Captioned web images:

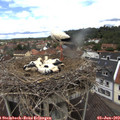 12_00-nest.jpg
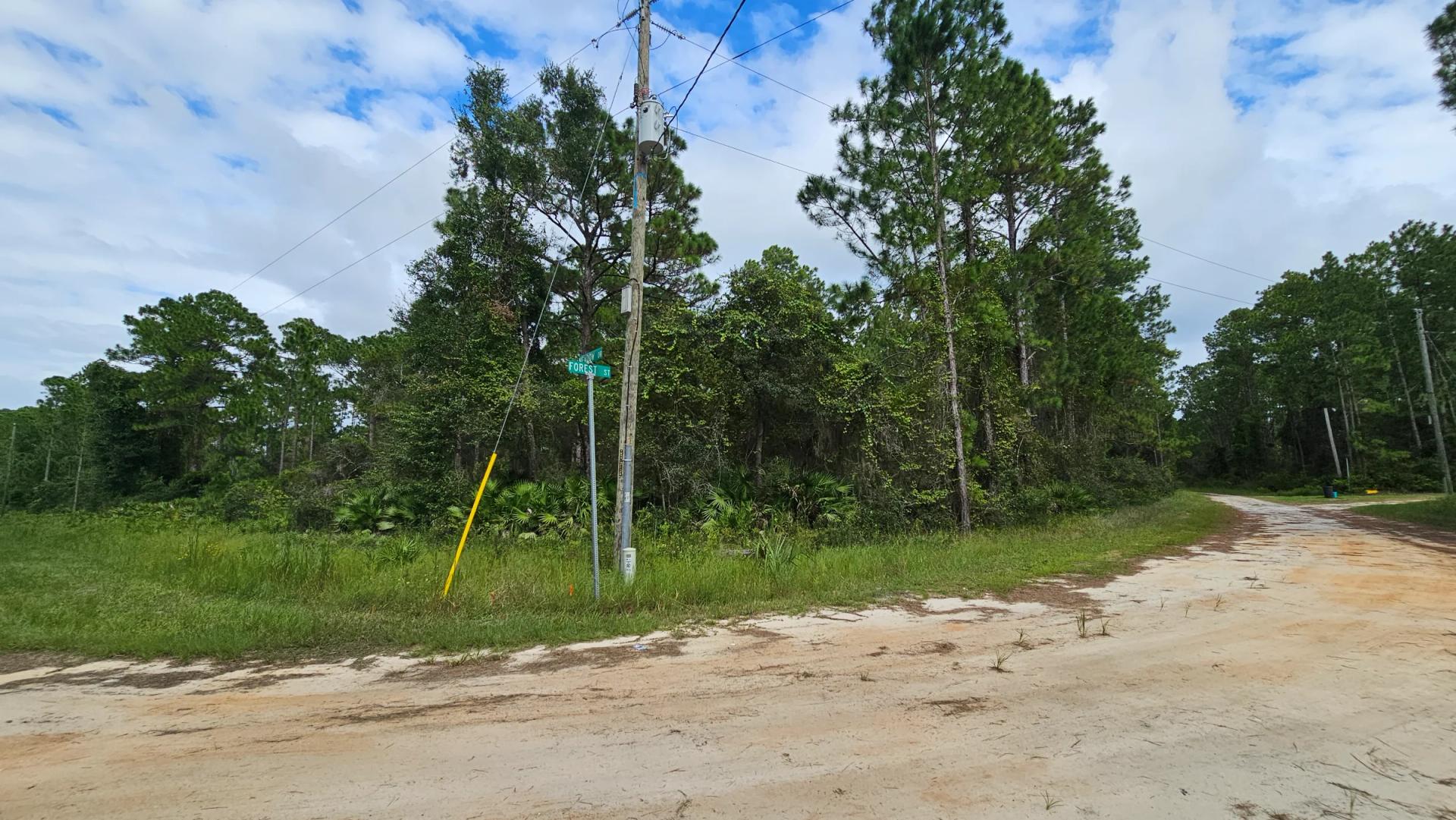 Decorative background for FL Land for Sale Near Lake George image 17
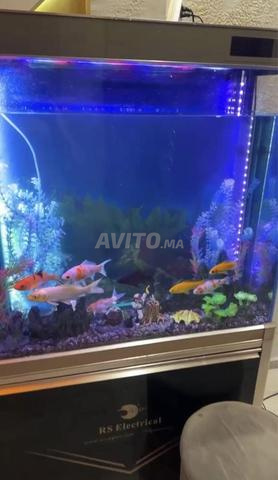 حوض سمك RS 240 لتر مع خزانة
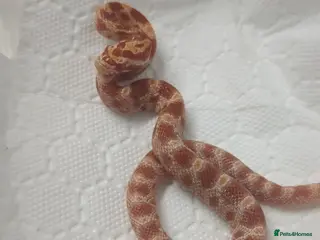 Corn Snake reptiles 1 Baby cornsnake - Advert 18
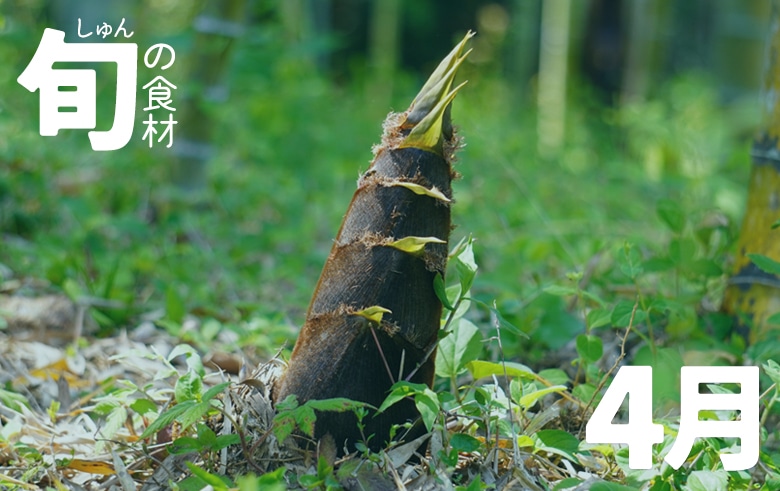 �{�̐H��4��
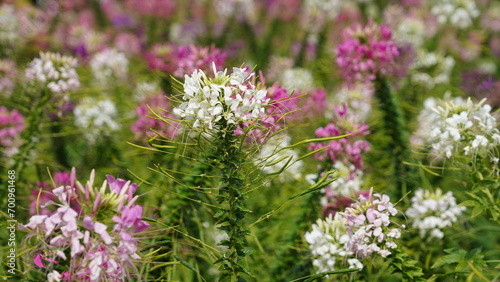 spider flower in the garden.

Instructions to follow:
Could the entries above be copied out exactly, with no pictures included?

Exercise output:
 12_00-nest.jpg
 Decorative background for FL Land for Sale Near Lake George image 17
 حوض سمك RS 240 لتر مع خزانة
 Corn Snake reptiles 1 Baby cornsnake - Advert 18
 �{�̐H��4��
 spider flower in the garden.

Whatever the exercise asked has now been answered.